Team Shachi (stylized as TEAM SHACHI), formerly , is a Japanese female idol group consisting of four girls from the city of Nagoya.

Overview 
Team Syachihoko is a sister group of two other girl groups managed by the Stardust Promotion talent agency, Momoiro Clover Z and Shiritsu Ebisu Chugaku and, having been formed in 2011, is the "youngest sister" of the three.

The group was created of six girls from Aichi Prefecture. As of 2012, all members lived in Nagoya, the capital of the prefecture, and were junior high school students. In April 2013, five of them started high school, and Haruna Sakamoto is the only one who is still in junior high.

From April 5, 2013, Team Syachihoko has its own regular TV show, broadcast on Nagoya TV.

History 
Team Syachihoko was formed in 2011 by 3B Junior, the third section of Stardust Promotion. In April 2012, the group debuted live on the streets of Nagoya (on the Nishinomaru Square), and continued with more events in the Nagoya area.

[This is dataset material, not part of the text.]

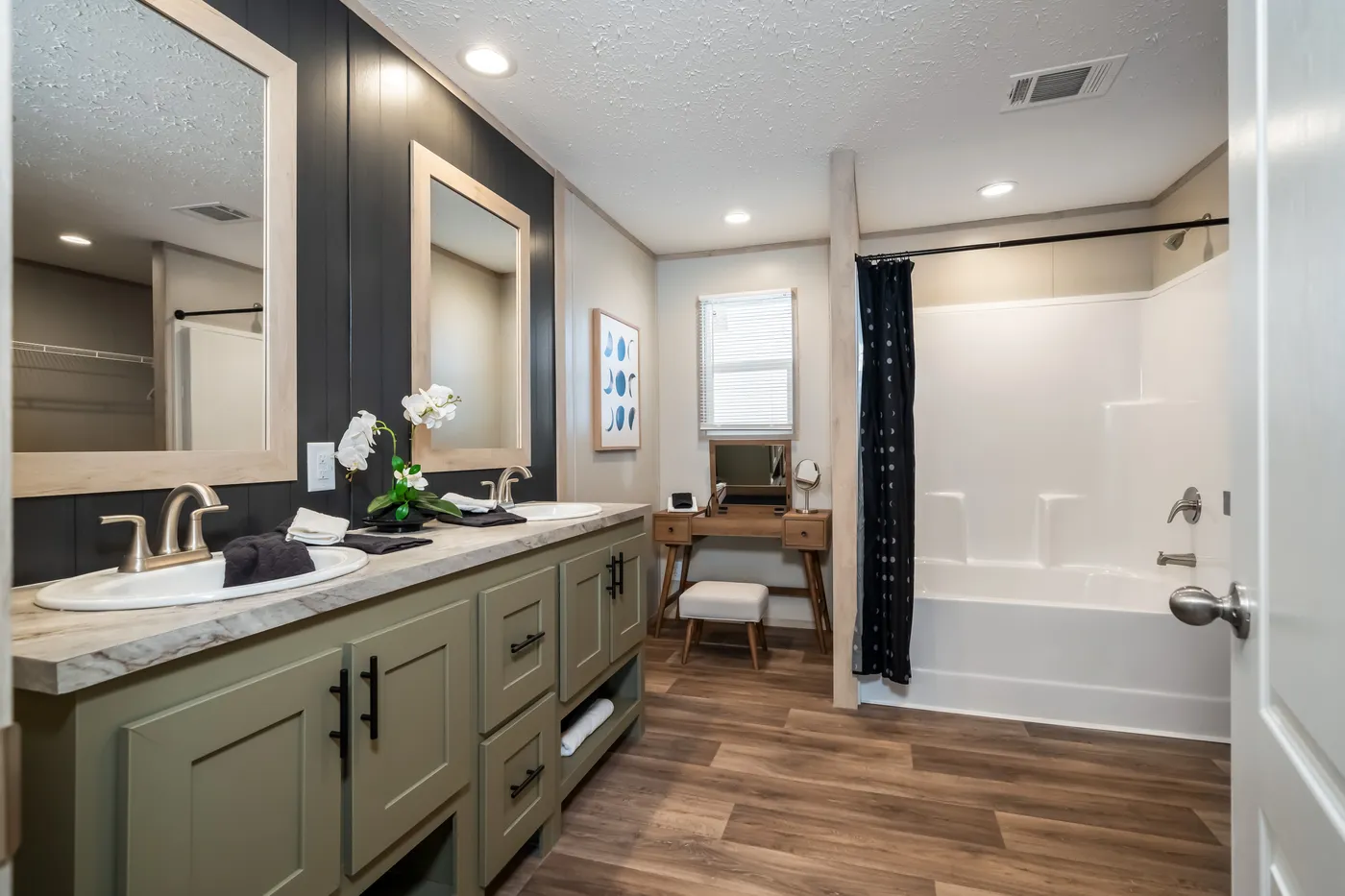 The RAINIER Exterior. This Manufactured Mobile Home features 4 bedrooms and 3 baths.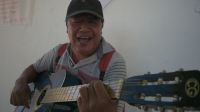 VIDEO. Raúl Prado, su deleite es tocar y cantar en la plazuela de Villa Juárez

In the summer of 2012, Team Syachihoko participated in a nationwide concert series titled "HMV Idol Gakuen presents Nihon Jyūdan Idol Ranbu 2012", appearing at two concerts: on August 10 in Nagoya and on August 23 in Tokyo. During the August 10 performance, the group announced that it would soon release its first major-label single, on October 31 on the Warner Music Japan record label. The single was labeled the "Nagoya major-debut single" and was supported by a concert tour across the city of Nagoya. On September 2, at the first concert of the tour, the group appeared in stage costumes looking like bowling uniforms and unveiled the title song of the upcoming single, titled "The Stardust Bowling". The song, written and composed by Takashi Asano, who had already authored two indie songs for the band, told a story of a bowling ball that, after being thrown, overcame various difficulties on its way along the lane and finished with a strike. The Japanese edition of Rolling Stone called the song "cute and humorous", with a "dramatic melody", "brilliantly following the style of Momoiro Clover and Shiritsu Ebisu Chugaku". The single reached 17th place in the weekly Oricon charts.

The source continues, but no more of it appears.